As police chief, Savoeun has made many overtures with the apparent goal of making Cambodia more secure. In March 2015 he took steps to deal with "foreign mafia" in Sihanoukville, which included replacing the Sihanoukville Province police chief, in response to increasing violence among high-profile Russian businessmen in the area. Also in March, Savoeun threatened to fire police officials for not acting to stop a series of brazen armed robberies of jewelry stores and tourists around the nation. Savoeun called a high-level meeting in September in which he announced plans to crack down on human trafficking, a nationwide problem in Cambodia. During an internal promotion ceremony in October 2015, Savoeun scolded police at all levels, saying they need to work better with citizens and "behave better" in general if they expect to be promoted.
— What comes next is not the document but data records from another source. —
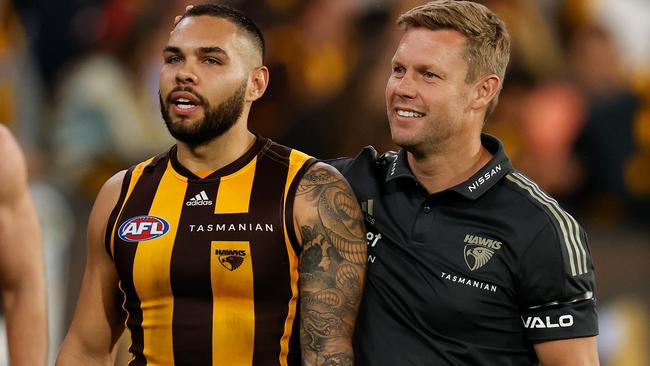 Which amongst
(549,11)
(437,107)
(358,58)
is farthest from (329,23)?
(437,107)

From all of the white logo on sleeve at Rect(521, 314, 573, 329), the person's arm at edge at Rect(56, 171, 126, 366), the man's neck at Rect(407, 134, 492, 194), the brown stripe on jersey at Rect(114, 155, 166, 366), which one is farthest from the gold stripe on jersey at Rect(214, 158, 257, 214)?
→ the white logo on sleeve at Rect(521, 314, 573, 329)

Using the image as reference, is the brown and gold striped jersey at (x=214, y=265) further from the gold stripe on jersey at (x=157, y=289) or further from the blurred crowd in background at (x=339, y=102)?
the blurred crowd in background at (x=339, y=102)

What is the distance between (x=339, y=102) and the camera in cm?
690

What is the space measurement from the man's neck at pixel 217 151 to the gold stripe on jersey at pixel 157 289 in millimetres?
137

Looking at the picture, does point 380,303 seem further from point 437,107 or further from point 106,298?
point 106,298

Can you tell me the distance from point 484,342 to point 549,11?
3821 millimetres

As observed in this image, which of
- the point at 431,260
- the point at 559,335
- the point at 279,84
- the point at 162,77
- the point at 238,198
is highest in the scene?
the point at 279,84

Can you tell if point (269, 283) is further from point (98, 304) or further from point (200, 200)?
point (98, 304)

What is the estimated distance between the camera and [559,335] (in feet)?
12.1

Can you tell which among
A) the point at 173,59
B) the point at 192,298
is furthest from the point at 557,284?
the point at 173,59

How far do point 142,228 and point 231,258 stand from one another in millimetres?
302

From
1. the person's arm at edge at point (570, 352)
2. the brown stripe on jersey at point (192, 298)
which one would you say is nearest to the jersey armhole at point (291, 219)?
the brown stripe on jersey at point (192, 298)

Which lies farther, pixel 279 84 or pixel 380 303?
pixel 279 84

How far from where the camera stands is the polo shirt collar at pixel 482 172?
3.79 meters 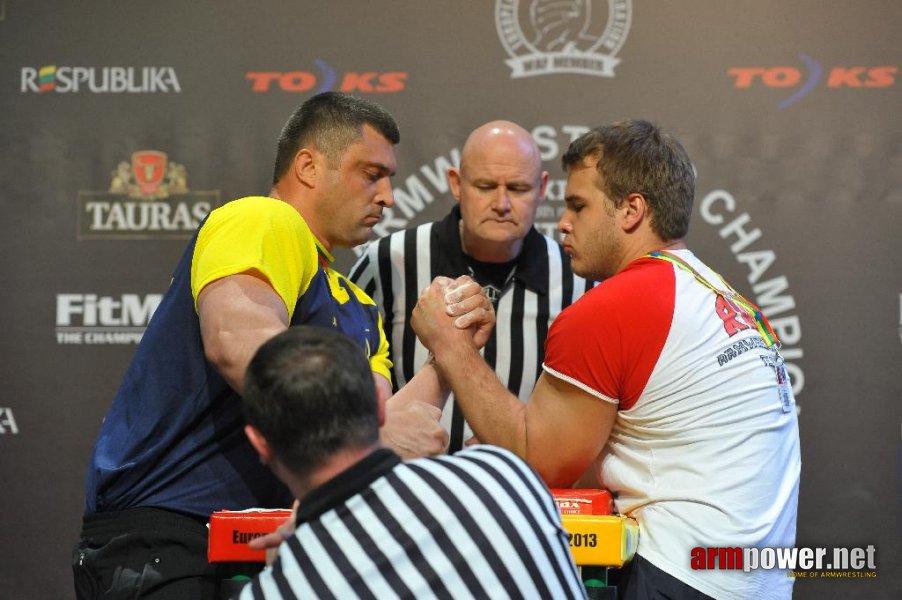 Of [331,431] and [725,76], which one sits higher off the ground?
[725,76]

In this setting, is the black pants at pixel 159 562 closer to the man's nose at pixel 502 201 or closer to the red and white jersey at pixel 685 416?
the red and white jersey at pixel 685 416

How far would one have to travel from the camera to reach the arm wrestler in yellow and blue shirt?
1.82 m

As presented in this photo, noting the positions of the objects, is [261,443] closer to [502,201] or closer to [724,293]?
[724,293]

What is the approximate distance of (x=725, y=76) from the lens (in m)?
3.45

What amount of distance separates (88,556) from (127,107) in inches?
81.7

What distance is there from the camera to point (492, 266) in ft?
10.5

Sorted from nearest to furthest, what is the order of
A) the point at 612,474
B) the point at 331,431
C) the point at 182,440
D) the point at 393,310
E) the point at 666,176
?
the point at 331,431 → the point at 182,440 → the point at 612,474 → the point at 666,176 → the point at 393,310

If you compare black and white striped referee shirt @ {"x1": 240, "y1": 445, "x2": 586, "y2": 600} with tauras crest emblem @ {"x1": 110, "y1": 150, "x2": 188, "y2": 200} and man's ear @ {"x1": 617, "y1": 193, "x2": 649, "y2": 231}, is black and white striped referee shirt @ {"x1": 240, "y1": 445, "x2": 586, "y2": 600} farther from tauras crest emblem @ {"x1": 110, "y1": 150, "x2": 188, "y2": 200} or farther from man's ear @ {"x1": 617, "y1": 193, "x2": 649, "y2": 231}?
tauras crest emblem @ {"x1": 110, "y1": 150, "x2": 188, "y2": 200}

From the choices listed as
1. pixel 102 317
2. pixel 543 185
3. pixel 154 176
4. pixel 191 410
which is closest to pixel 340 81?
pixel 154 176

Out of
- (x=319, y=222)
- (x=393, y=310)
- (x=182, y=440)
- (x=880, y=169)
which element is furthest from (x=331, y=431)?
(x=880, y=169)

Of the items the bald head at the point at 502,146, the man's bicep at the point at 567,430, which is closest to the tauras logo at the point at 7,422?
the bald head at the point at 502,146

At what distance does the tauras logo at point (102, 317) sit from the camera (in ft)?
11.5

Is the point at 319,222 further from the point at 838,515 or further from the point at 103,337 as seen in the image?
the point at 838,515

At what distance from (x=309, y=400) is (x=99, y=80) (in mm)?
2652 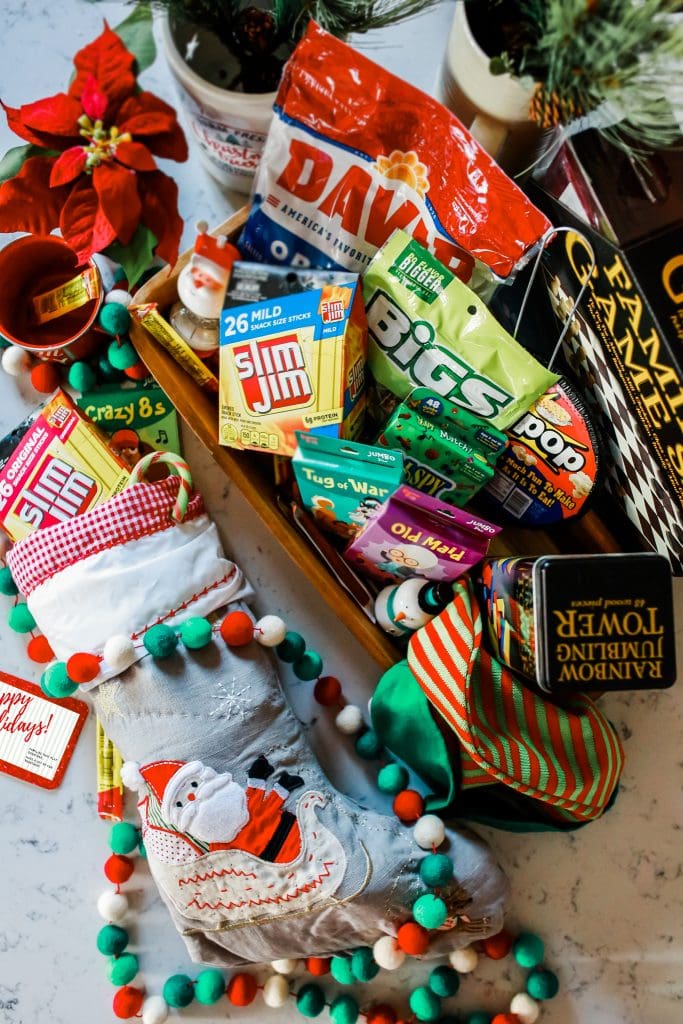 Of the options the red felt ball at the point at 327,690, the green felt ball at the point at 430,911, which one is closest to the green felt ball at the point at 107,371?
the red felt ball at the point at 327,690

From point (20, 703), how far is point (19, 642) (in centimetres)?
8

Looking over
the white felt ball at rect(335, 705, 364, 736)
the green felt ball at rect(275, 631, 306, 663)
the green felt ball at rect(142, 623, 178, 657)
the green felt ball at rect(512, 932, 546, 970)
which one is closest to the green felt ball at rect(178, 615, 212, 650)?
the green felt ball at rect(142, 623, 178, 657)

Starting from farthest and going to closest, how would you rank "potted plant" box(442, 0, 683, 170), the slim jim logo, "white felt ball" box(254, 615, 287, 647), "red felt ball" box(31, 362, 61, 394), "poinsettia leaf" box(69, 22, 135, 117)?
1. "red felt ball" box(31, 362, 61, 394)
2. "white felt ball" box(254, 615, 287, 647)
3. the slim jim logo
4. "poinsettia leaf" box(69, 22, 135, 117)
5. "potted plant" box(442, 0, 683, 170)

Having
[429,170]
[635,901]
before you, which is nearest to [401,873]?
[635,901]

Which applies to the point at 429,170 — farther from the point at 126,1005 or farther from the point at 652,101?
the point at 126,1005

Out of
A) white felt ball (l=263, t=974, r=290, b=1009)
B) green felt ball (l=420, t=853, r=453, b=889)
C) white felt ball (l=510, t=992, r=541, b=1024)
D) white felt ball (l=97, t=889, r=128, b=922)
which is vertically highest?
green felt ball (l=420, t=853, r=453, b=889)

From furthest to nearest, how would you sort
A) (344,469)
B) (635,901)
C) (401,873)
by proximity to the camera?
(635,901) → (401,873) → (344,469)

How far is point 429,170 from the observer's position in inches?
32.9

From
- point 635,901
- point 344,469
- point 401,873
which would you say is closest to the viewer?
point 344,469

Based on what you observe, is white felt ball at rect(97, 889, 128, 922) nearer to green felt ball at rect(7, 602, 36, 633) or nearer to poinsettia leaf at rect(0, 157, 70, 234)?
green felt ball at rect(7, 602, 36, 633)

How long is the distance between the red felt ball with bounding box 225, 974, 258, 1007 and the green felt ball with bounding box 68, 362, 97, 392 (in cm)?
76

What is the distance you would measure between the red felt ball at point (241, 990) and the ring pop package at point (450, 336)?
740 mm

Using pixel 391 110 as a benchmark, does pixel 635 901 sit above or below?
below

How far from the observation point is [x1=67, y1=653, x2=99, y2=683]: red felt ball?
88 cm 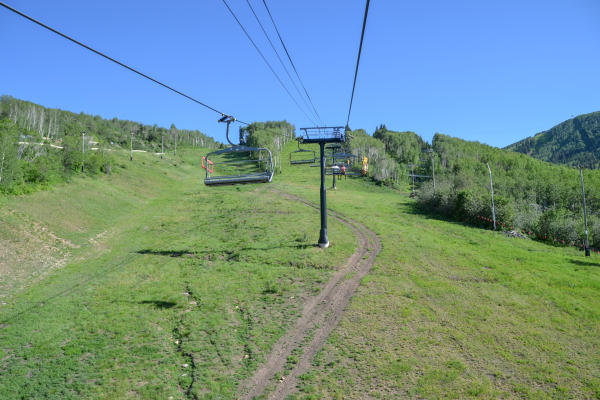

Despite such high-profile efforts, however, the National Police force, and Savoeun in particular, are still used as tools of the CPP. Hun Sen and the CPP regularly use uniformed military and police leaders, including General Savoeun to campaign during elections. In August 2015 Hun Sen tasked Savoeun with arresting Teav Vannol, an outspoken senator of the opposition party for comments he made regarding Hun Sen's allegedly pro-Vietnamese interpretations of Cambodian-Vietnamese treaties. In 2010, Hun Sen sent Savoeun on a personal mission to track down the Prime Minister's nephew who had abandoned his wife. In October, after Savoeun's police ignored the calls of Kem Sokha's wife for help when her house was surrounded and pelted by rocks for six hours by a pro-CPP mob, Hun Sen announced that Savoeun would not accept being replaced if the CNRP won the next elections.

== Personal life ==
Savoeun is married to Hun Kimleng, the niece of Hun Sen, and has three daughters. Kimleng obtained Cypriot citizenship in November 2017, and the family's wealth and foreign passports have courted significant scrutiny. In 2017, the United States Department of State banned Savoeun and his immediate family members from traveling into the United States for "undermining democracy."